Table of contents
- The context
- What I want to do
- Why I want to do this?
The context
I know how to generate a Turtle file using Python and rdflib
. See minimal working example below. It generates a file called output.txt
in Turtle format.
import rdflib
g = rdflib.Graph()
g.add((rdflib.URIRef('http://example.org/my_subject_1'),
rdflib.URIRef('http://example.org/my_predicate_1'),
rdflib.URIRef('http://example.org/my_object_1')))
g.add((rdflib.URIRef('http://example.org/my_subject_1'),
rdflib.URIRef('http://example.org/my_predicate_2'),
rdflib.URIRef('http://example.org/my_object_1')))

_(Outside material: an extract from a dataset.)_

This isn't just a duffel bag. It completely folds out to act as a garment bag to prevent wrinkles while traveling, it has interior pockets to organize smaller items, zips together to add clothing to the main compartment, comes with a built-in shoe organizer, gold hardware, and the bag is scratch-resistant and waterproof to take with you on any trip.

g.serialize('output.txt', format='turtle')
$ source venv/bin/activate
$ python main.py
$ cat output.txt
@prefix ns1: <http://example.org/> .
ns1:my_subject_1 ns1:my_predicate_1 ns1:my_object_1 ;
ns1:my_predicate_2 ns1:my_object_1 .
What I want to do
There are some changes that I'd like to do to the output of serialize
.
- Make every pair of predicate and object to be shown in a separated line. That is, the output should look as in the code block below.

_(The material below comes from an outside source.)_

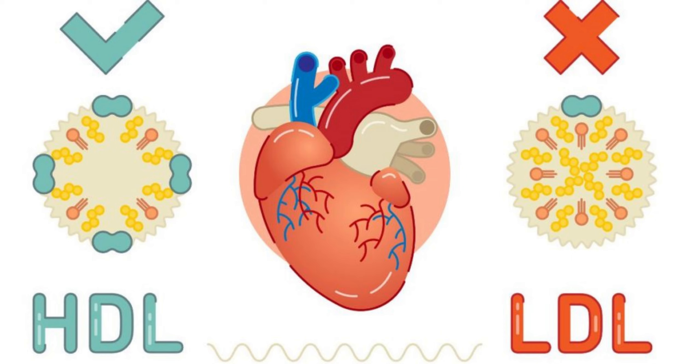LDL takes cholesterol directly to your arteries. This can result in a plaque buildup that can cause heart attack and strokes. Now we know the difference. Let's begin discussing the foods that lower cholesterol levels.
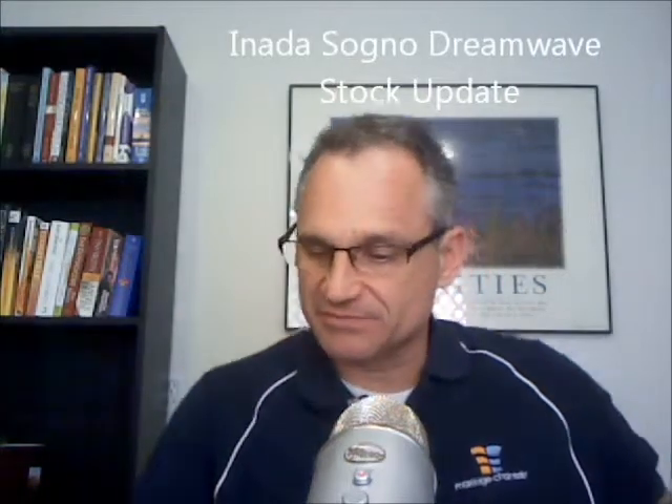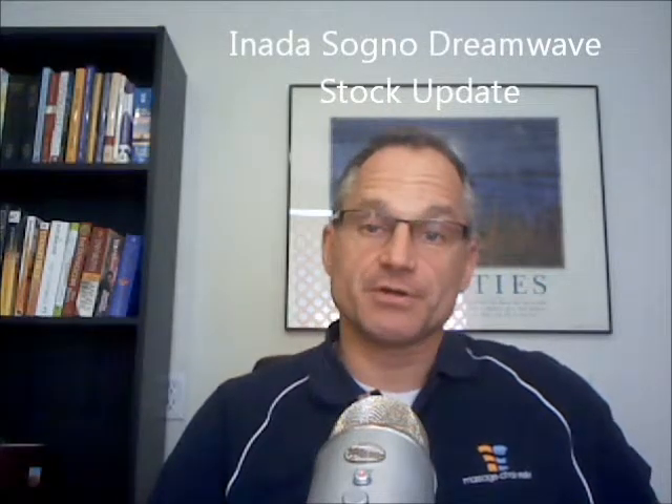Regarding the Inata Sonio Dreamwave stock: the bright red is now backordered until the first part of May, about the first week of May. The cream is backordered until April 23rd, so that's not too far away. The chocolate is still expected in the week of April 30th, and the dark brown is out of stock but will be in next week. Black leather and black synthetic are in stock.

@prefix ns1: <http://example.org/> .
ns1:my_subject_1
ns1:my_predicate_1 ns1:my_object_1 ;
ns1:my_predicate_2 ns1:my_object_1 .
- Make every pair of predicate and object have an indentation of two spaces, The default is 4 spaces. The output should look as shown in the code block below.
@prefix ns1: <http://example.org/> .
ns1:my_subject_1
ns1:my_predicate_1 ns1:my_object_1 ;
ns1:my_predicate_2 ns1:my_object_1 .
- Remove the space character after objects in subject-predicate-object triples.
@prefix ns1: <http://example.org/>.
ns1:my_subject_1
ns1:my_predicate_1 ns1:my_object_1;
ns1:my_predicate_2 ns1:my_object_1.
In summary, I would like serialize
to generate the output as shown in the last code block.
Why I want to do this?
I'm generating some turtle files containing a lot of information. Sometimes I'll need to edit those files manually, so I wish them to have an structure that I feel it's more readable to me.